• **GOAL OF THE EXERCISE**: Begin at the line containing "秦朗徐有容的小说权倾美人香" in the data below and go on through the line containing "CADAC Détendeur Pour Cartouche EN417 2", repeating each line exactly; include both ends and no other line.

• **EXCERPTED RECORDS**:
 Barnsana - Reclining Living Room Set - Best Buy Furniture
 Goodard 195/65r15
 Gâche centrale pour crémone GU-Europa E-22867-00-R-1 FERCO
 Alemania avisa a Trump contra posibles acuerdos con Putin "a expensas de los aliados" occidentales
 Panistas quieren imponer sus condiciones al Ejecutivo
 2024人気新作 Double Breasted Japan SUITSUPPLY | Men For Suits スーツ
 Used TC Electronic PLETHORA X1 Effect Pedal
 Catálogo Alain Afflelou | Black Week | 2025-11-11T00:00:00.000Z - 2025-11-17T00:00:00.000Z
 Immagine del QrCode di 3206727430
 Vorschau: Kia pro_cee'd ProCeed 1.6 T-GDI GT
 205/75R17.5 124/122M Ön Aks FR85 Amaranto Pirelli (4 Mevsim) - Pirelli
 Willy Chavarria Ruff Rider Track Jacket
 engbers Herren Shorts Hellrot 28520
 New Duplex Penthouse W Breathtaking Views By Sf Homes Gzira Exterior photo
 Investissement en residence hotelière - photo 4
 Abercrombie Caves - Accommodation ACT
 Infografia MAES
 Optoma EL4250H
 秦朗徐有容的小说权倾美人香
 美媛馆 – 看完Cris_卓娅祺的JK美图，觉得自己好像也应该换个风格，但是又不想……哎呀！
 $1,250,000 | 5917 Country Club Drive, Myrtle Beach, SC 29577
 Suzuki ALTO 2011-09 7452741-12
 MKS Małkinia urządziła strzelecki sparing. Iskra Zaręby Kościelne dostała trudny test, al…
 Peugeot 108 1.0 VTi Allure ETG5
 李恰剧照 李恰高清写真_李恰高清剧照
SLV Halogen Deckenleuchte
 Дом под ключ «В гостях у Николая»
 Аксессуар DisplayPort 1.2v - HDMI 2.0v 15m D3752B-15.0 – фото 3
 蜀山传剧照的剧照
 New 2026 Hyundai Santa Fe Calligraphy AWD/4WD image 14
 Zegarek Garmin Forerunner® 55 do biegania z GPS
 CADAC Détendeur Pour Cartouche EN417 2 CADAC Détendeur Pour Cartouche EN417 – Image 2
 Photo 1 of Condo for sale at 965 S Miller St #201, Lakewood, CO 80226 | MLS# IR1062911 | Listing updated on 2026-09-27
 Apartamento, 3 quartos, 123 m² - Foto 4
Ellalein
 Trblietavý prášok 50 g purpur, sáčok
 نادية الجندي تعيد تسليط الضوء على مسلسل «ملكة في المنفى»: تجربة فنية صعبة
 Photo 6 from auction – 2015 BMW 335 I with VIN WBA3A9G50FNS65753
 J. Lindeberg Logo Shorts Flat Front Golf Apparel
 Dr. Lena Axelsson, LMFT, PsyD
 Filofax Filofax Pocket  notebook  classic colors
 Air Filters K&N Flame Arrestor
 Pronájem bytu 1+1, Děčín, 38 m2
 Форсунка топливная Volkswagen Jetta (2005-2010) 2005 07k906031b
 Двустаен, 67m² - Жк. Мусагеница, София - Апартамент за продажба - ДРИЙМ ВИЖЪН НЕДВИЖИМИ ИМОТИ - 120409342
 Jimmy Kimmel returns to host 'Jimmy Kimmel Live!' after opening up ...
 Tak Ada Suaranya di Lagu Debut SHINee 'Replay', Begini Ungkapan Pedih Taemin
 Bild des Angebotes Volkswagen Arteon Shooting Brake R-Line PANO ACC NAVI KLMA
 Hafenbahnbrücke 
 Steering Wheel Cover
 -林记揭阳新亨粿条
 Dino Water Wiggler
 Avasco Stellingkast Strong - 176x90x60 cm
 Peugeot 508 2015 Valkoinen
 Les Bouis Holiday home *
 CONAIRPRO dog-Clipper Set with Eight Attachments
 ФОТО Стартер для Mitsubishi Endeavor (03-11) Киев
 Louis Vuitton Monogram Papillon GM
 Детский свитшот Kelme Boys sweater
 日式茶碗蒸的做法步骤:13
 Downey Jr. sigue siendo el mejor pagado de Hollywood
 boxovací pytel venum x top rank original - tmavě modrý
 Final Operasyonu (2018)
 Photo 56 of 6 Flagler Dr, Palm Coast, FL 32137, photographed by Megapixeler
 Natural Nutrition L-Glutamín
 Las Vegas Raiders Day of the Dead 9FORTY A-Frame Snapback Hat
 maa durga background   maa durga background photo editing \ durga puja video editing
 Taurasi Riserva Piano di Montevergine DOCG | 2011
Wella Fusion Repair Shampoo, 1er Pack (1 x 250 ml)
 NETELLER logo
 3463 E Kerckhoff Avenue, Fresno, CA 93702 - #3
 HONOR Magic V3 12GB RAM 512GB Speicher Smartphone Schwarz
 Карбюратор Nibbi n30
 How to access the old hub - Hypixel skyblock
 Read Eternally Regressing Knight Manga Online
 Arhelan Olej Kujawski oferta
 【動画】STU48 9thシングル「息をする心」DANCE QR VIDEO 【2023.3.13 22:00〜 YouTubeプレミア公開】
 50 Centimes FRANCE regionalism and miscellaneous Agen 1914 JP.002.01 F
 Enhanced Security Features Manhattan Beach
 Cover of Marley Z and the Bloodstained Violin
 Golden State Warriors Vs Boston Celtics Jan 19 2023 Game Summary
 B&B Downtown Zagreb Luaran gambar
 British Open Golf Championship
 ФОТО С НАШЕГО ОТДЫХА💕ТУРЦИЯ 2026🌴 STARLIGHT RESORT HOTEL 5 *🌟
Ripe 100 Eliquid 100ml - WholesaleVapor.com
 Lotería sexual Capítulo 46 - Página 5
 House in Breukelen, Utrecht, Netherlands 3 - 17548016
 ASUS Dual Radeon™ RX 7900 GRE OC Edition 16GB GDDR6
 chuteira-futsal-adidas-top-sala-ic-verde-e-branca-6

• **SOLUTION TO THIS EXERCISE**:
 秦朗徐有容的小说权倾美人香
 美媛馆 – 看完Cris_卓娅祺的JK美图，觉得自己好像也应该换个风格，但是又不想……哎呀！
 $1,250,000 | 5917 Country Club Drive, Myrtle Beach, SC 29577
 Suzuki ALTO 2011-09 7452741-12
 MKS Małkinia urządziła strzelecki sparing. Iskra Zaręby Kościelne dostała trudny test, al…
 Peugeot 108 1.0 VTi Allure ETG5
 李恰剧照 李恰高清写真_李恰高清剧照
SLV Halogen Deckenleuchte
 Дом под ключ «В гостях у Николая»
 Аксессуар DisplayPort 1.2v - HDMI 2.0v 15m D3752B-15.0 – фото 3
 蜀山传剧照的剧照
 New 2026 Hyundai Santa Fe Calligraphy AWD/4WD image 14
 Zegarek Garmin Forerunner® 55 do biegania z GPS
 CADAC Détendeur Pour Cartouche EN417 2 CADAC Détendeur Pour Cartouche EN417 – Image 2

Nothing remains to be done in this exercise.